*Directions for this task*:
Instruction for the listing below: copy exactly, and only, the lines from the one holding "Fototapeta premium Young" through its last line, omitting any picture.

*Data shown*:
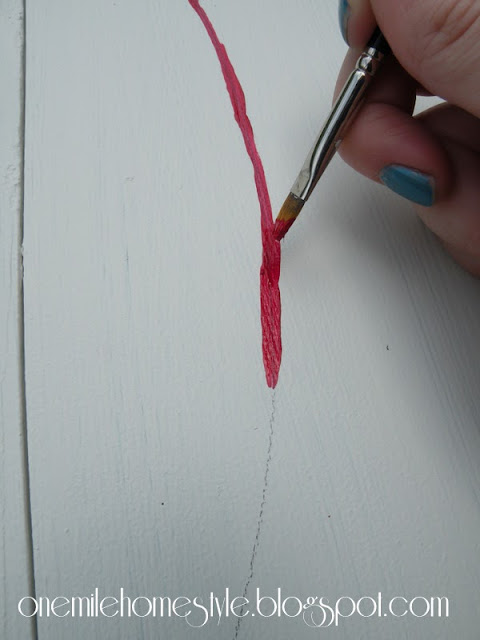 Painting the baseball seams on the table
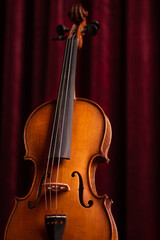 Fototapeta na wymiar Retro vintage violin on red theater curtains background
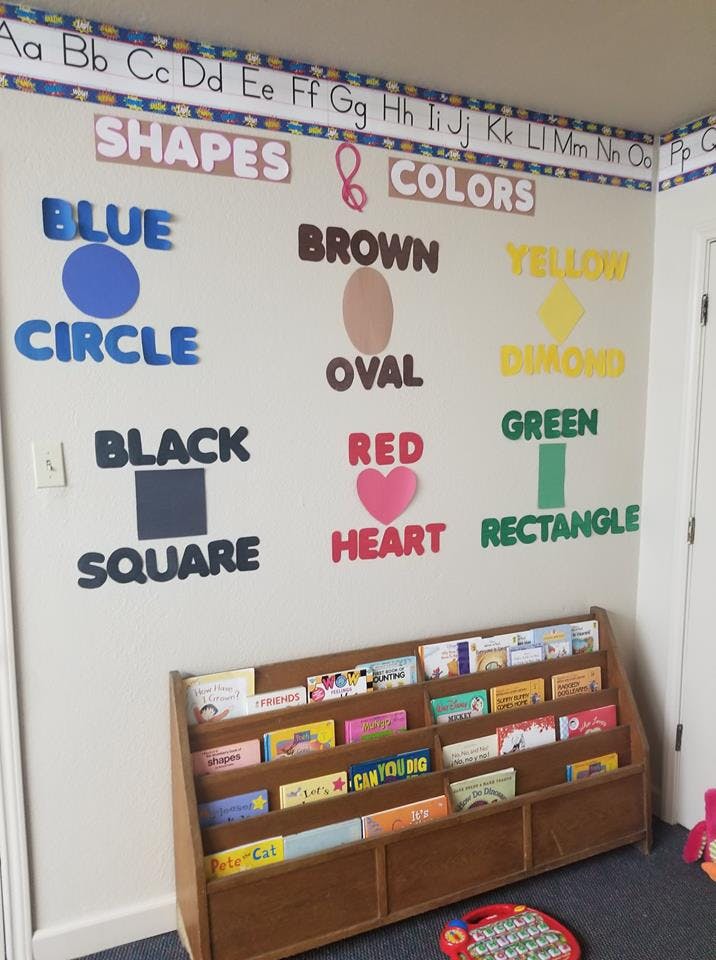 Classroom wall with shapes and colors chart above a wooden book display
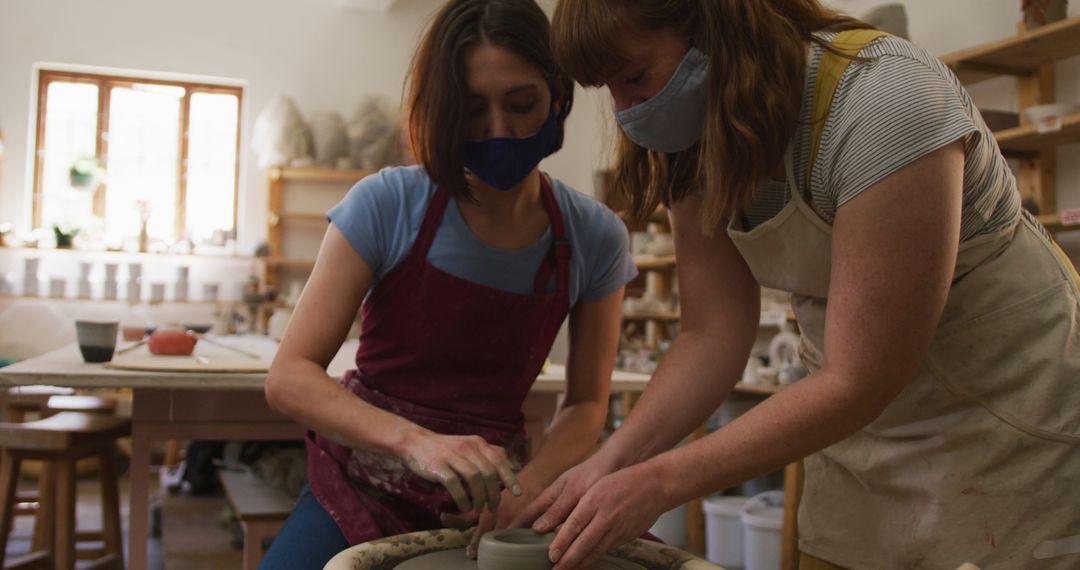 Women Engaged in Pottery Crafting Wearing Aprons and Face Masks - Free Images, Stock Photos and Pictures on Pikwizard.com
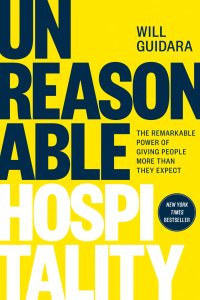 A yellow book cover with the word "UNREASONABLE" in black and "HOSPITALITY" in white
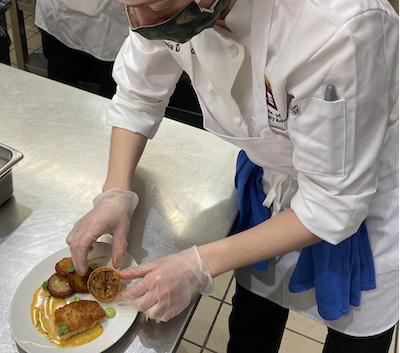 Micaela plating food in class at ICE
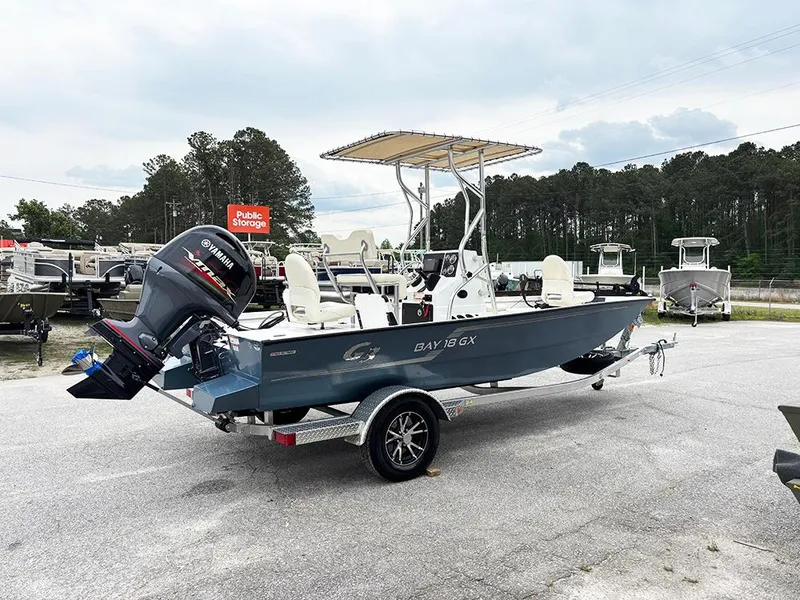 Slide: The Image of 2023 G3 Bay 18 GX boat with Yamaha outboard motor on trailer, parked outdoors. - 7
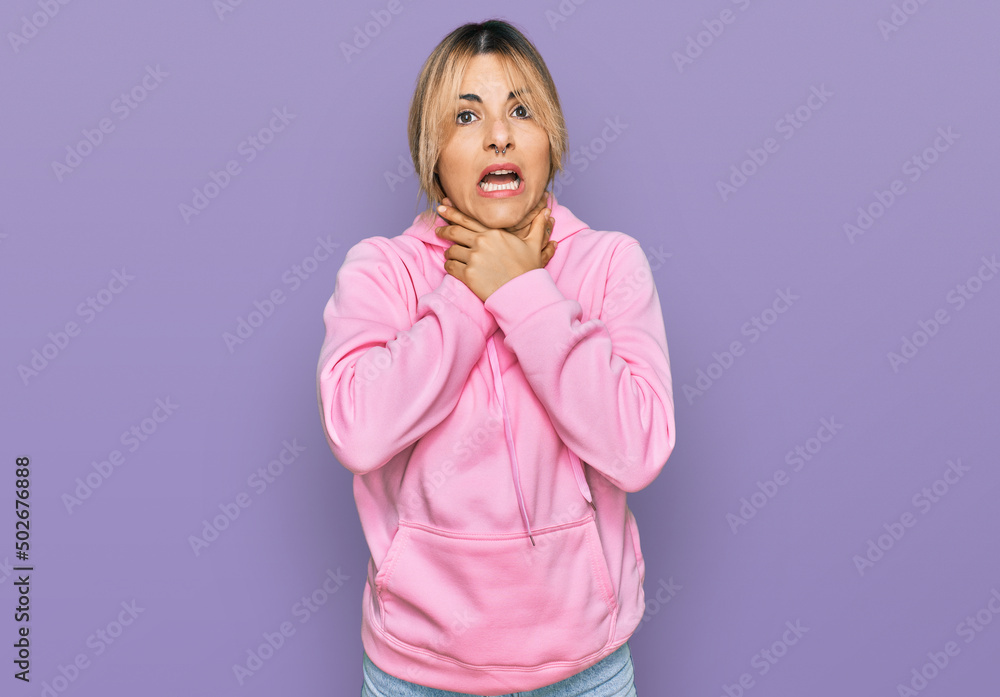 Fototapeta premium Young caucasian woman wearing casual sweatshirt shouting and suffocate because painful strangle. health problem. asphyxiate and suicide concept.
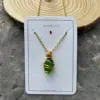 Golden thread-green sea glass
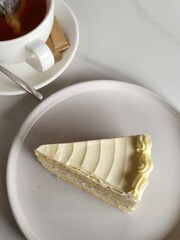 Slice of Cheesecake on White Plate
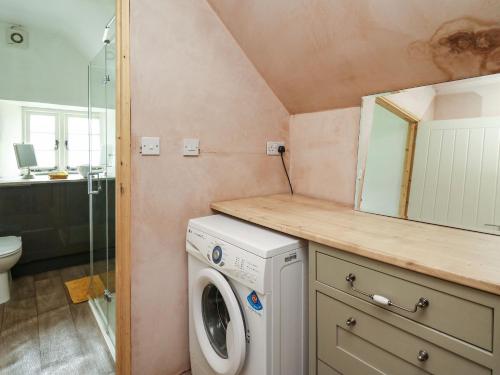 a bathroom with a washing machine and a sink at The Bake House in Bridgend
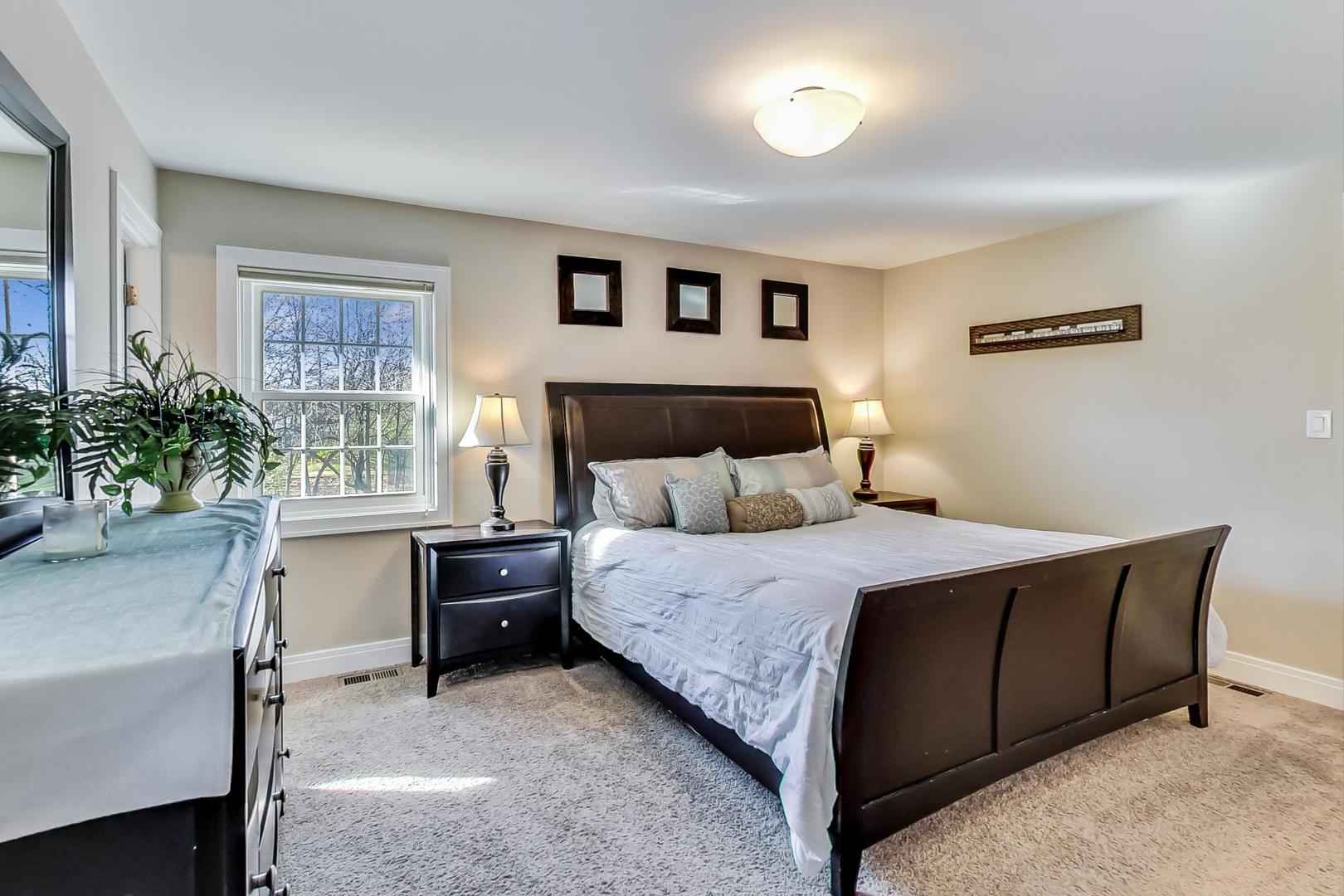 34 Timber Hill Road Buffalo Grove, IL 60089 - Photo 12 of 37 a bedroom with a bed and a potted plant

*Exercise solution*:
 Fototapeta premium Young caucasian woman wearing casual sweatshirt shouting and suffocate because painful strangle. health problem. asphyxiate and suicide concept.
 Golden thread-green sea glass
 Slice of Cheesecake on White Plate
 a bathroom with a washing machine and a sink at The Bake House in Bridgend
 34 Timber Hill Road Buffalo Grove, IL 60089 - Photo 12 of 37 a bedroom with a bed and a potted plant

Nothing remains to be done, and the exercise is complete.